Franc Jozeph Island

Geography
- Location: Buna river
- Coordinates: 41°50′50″N 19°22′29″E﻿ / ﻿41.84722°N 19.37472°E
- Area: 0.05 km^{2} (0.019 sq mi)
- Highest elevation: 4 m (13 ft)

Administration
- Albania
- County: Shkodër County
- Municipal unit: Velipojë

= Franc Jozeph Island =

Island in Albania

Franc Jozeph Island (or Franz Josef, Franz Jozeph, etc.) (Ishulli i Franc Jozefit) was an island located at the mouth of the Buna river in Albania.

== Geography ==
The island was made up of rich alluvial soil and becomes a peninsula depending on the size of the river's flow. This island was an important nesting ground for many seabirds, especially the family Ardeidae.

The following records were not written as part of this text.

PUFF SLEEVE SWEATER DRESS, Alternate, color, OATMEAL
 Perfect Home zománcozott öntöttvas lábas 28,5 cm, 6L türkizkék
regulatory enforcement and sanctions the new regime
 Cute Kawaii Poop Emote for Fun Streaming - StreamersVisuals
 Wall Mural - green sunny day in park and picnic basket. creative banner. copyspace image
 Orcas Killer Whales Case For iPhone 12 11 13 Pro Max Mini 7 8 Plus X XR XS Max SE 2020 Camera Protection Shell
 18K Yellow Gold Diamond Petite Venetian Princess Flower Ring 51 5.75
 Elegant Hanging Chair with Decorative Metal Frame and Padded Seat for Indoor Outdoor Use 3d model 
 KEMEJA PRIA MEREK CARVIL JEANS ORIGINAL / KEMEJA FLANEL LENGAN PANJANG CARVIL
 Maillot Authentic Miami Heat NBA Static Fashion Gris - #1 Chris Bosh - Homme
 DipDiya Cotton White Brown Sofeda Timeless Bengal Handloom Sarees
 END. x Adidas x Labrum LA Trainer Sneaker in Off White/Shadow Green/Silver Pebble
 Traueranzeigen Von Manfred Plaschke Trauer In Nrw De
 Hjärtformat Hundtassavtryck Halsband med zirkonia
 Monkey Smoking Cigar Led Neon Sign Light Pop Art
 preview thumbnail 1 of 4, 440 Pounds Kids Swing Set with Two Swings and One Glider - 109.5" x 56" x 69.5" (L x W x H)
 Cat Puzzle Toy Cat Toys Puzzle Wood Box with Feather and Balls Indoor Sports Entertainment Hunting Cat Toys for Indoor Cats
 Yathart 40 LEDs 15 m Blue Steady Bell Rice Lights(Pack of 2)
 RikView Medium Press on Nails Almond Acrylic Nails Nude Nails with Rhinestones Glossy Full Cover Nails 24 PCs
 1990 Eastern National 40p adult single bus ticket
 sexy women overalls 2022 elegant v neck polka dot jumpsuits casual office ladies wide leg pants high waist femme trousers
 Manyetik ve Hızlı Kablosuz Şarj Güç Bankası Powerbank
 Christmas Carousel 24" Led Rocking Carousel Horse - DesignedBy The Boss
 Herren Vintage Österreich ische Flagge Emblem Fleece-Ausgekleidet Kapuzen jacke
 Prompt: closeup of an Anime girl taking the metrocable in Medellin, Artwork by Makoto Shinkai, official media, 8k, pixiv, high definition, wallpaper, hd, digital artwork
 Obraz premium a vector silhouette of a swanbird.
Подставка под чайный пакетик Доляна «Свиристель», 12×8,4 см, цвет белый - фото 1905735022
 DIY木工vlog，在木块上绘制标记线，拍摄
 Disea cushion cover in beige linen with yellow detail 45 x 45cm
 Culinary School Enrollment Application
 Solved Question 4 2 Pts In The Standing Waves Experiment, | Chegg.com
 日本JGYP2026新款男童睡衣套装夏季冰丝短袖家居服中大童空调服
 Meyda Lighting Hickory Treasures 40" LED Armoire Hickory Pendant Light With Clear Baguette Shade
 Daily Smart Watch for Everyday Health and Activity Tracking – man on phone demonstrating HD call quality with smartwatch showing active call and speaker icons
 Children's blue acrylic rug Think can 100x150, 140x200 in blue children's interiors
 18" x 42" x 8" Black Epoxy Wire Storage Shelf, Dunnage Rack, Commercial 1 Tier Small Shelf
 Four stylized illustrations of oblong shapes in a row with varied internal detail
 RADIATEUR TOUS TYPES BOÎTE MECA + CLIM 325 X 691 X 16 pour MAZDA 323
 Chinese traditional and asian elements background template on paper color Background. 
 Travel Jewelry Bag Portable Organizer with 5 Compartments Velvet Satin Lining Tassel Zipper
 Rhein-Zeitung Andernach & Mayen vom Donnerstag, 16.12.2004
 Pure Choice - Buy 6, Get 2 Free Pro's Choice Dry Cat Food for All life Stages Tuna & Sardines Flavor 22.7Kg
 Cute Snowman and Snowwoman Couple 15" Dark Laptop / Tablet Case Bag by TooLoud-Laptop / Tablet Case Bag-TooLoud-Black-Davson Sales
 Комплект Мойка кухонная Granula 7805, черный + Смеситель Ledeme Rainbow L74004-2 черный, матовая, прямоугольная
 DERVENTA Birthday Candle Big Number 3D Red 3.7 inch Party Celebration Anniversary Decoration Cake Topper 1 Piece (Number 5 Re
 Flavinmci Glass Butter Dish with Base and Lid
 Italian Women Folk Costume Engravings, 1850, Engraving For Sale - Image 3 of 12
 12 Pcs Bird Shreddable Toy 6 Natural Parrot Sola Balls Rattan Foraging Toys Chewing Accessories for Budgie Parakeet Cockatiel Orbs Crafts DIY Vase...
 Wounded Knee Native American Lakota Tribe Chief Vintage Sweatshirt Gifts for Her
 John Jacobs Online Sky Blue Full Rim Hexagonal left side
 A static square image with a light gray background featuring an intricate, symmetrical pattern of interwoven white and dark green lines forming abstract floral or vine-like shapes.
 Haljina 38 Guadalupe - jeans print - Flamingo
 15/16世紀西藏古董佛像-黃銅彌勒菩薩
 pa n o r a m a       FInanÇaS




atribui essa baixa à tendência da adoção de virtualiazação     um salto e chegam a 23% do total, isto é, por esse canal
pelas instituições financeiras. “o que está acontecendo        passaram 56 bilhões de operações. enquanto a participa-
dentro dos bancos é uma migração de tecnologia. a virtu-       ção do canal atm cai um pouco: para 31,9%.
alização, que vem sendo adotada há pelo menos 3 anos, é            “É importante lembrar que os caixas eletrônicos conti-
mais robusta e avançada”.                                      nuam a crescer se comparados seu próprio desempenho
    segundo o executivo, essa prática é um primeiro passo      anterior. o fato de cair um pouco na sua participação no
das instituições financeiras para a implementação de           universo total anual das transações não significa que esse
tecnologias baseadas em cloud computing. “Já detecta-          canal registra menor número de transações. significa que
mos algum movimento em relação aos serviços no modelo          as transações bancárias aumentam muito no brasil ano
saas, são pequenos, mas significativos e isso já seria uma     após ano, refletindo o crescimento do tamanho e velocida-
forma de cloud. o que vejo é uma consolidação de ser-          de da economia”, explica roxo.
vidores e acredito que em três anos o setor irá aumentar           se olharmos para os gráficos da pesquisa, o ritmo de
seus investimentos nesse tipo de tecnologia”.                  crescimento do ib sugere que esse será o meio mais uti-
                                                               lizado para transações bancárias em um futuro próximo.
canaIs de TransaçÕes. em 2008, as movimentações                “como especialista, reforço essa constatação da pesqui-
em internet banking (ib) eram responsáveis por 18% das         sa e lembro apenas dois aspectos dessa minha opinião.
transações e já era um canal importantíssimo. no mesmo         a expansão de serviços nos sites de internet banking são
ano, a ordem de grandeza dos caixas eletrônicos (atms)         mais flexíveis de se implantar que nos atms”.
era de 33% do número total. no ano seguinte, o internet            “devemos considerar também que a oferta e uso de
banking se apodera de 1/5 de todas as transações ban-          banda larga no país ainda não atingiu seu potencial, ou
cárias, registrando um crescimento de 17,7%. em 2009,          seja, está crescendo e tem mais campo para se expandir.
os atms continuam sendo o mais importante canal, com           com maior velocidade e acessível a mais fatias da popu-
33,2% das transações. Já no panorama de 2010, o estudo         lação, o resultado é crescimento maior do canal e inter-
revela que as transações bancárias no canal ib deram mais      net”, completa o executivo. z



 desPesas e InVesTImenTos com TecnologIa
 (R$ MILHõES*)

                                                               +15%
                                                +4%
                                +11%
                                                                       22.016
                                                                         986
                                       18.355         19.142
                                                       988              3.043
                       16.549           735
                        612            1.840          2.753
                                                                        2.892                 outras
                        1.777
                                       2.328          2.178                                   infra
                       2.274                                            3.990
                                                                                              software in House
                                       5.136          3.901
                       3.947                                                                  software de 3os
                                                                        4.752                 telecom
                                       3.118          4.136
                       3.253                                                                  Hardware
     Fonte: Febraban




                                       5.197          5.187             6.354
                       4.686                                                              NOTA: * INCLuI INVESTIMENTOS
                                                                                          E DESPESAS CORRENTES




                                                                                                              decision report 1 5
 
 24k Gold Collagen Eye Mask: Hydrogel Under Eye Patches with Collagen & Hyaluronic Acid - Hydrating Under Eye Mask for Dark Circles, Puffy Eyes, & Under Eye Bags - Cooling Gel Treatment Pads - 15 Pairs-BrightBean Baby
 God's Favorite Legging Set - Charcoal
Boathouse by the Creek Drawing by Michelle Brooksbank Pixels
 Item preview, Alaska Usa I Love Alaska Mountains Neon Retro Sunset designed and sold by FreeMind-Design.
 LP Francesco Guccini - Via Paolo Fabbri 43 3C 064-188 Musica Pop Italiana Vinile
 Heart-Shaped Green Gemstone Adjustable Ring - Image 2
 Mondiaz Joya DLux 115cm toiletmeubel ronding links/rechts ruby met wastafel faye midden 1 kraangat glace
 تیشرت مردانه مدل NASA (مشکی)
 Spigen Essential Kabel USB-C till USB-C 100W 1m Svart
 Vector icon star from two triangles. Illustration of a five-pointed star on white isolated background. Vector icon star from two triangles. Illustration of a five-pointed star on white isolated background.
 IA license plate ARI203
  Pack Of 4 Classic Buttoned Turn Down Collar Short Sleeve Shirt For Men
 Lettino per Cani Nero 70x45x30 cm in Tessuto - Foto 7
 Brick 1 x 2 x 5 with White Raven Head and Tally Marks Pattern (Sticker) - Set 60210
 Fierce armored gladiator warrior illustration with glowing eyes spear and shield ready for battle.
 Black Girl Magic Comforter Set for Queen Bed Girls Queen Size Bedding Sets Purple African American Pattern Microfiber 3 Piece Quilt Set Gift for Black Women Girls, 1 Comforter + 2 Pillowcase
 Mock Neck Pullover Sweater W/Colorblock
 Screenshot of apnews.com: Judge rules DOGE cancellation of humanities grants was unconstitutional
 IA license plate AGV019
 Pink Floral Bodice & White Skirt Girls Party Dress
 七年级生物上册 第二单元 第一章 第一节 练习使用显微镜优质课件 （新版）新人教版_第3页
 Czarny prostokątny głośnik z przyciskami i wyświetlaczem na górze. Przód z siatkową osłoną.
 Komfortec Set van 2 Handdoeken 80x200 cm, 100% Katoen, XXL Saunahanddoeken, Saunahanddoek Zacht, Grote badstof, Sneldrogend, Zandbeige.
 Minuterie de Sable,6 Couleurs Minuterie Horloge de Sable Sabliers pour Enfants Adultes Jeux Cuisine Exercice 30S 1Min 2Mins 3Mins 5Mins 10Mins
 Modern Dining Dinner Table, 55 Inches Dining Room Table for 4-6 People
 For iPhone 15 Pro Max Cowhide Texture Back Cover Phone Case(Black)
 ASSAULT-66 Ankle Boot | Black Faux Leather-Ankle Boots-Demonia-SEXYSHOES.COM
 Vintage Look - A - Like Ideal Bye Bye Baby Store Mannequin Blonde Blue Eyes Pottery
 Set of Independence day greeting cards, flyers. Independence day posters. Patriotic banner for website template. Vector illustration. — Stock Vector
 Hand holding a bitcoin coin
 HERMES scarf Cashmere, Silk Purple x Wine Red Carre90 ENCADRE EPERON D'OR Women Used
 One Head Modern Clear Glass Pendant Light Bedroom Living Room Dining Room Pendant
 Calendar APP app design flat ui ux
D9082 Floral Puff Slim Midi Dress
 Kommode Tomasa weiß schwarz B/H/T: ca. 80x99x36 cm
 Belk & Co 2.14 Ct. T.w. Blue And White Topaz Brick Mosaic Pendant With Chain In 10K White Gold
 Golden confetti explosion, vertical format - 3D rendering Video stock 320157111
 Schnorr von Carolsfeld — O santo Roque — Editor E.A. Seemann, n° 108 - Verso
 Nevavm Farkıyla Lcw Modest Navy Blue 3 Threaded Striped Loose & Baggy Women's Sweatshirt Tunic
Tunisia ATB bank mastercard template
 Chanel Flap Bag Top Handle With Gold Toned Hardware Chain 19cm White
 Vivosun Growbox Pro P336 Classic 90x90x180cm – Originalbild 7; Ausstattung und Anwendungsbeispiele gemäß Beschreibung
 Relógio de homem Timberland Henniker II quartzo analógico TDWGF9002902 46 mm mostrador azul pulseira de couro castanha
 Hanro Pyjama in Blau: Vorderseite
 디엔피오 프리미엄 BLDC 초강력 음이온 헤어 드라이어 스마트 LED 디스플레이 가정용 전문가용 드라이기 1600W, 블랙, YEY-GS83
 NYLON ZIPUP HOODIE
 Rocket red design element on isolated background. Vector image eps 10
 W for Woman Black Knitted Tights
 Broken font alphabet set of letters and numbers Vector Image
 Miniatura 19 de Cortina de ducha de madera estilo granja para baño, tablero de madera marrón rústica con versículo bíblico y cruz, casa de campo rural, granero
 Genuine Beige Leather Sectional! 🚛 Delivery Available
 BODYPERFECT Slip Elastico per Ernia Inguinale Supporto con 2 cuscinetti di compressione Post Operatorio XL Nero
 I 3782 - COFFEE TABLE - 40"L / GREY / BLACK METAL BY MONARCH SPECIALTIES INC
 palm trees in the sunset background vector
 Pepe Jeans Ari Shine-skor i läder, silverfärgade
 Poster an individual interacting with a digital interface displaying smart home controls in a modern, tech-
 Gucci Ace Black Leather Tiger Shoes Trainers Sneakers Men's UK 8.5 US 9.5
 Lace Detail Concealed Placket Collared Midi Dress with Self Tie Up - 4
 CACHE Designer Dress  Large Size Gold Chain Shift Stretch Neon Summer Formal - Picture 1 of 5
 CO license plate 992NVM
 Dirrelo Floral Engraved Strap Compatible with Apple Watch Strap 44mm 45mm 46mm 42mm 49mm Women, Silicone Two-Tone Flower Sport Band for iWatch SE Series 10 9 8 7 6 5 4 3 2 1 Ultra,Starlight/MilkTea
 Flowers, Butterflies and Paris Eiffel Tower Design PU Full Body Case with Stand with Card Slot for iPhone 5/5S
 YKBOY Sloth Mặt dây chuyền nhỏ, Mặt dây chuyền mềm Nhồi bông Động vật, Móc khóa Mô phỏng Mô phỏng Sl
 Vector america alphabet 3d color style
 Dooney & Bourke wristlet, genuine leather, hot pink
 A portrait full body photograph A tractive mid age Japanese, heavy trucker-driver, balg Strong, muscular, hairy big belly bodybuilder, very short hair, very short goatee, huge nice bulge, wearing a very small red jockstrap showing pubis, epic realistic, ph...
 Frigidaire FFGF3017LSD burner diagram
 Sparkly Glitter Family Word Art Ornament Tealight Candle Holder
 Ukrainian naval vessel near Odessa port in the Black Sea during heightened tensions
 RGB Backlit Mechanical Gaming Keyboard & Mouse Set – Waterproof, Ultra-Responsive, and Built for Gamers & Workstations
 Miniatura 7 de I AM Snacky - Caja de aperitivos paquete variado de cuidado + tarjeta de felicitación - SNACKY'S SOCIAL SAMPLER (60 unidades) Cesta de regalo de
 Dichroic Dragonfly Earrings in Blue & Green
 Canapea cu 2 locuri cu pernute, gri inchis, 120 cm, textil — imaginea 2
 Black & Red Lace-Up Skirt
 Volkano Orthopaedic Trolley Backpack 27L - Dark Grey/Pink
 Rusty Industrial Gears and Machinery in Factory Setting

The island was low ground covered with a sandy seashore and dominated by alder trees. The trees were mostly 75 years of age and reached a height of 16 m. The island received few foreign tourists and was attractive for its quietness.

The name of the island was given by Austrian cartographers in 1870. It is believed that the name was chosen in honor of the Emperor Franz Joseph I of Austria.

Franz Joseph Island disappeared in 2011.